In Europe, Russia’s military posture since 2014 has reflected the view that confrontation with the West is the new normal. Russia has engaged in a broad range of activities that rely critically on hard power—such as deploying nuclear-capable Iskander missiles to Kaliningrad, conducting extensive military exercises, harassing NATO aircraft over the Baltic and Black Seas, and violating Baltic airspace.

These maneuvers have been widely perceived in the West as reckless. But they are, in fact, deliberate actions, specifically calibrated to Russia’s sense of its own vulnerability. They are intended to demonstrate Russia’s military power, undermine the credibility of the NATO Article V security guarantee, and unnerve the Western public. When it comes to NATO, Russia is realistic about its own limitations and aims to deny NATO its advantages in size, funding, and technology. Without the backing of hard power, Moscow’s hybrid activities in Europe would not be nearly as effective.

In Syria, Russia’s intervention was also a calculated risk, rather than the result of rash ambition. Moscow’s gains there far exceeded the operation’s risks. Defying Western predictions of overextension, Russia achieved a decisive outcome in its first major military operation beyond its periphery, stood up to the United States, and reasserted itself as a major power. It was a clear demonstration of the Primakov doctrine in action.

For all of the noise and commotion around Russia’s hybrid warfare capabilities, it is essential to recognize that these tactics are not emblematic of a new foreign policy doctrine. They are an extension of Primakov’s vision for Russia’s role in the world. There is little indication at present that the Kremlin is prepared to act on a more muscular set of ambitions.

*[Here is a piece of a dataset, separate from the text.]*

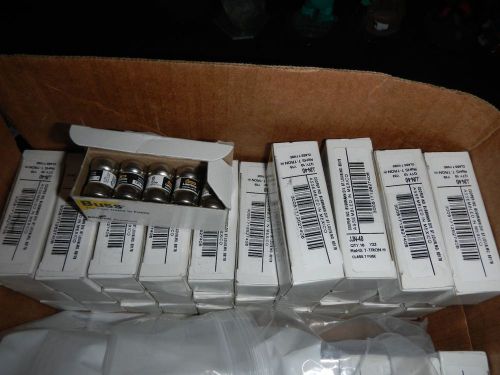 Bussmann jjn-40 fuse lot (5 boxes, 50 fuses) hatco 40a,class t,jjn40  &#034;new&#034; for sale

From this perspective, Russia’s activities in Venezuela, the Central African Republic, and Libya say more about Russia’s knack for seizing opportunities than about a new sense of adventurism. The risks for Russia in these regions so far appear modest and calculated, though the benefits have yet to be realized. Rather than panicking about Russian footprints across the globe, Western analysts should strive for a clear assessment of Moscow’s ambitions, capabilities, and propensity for risk.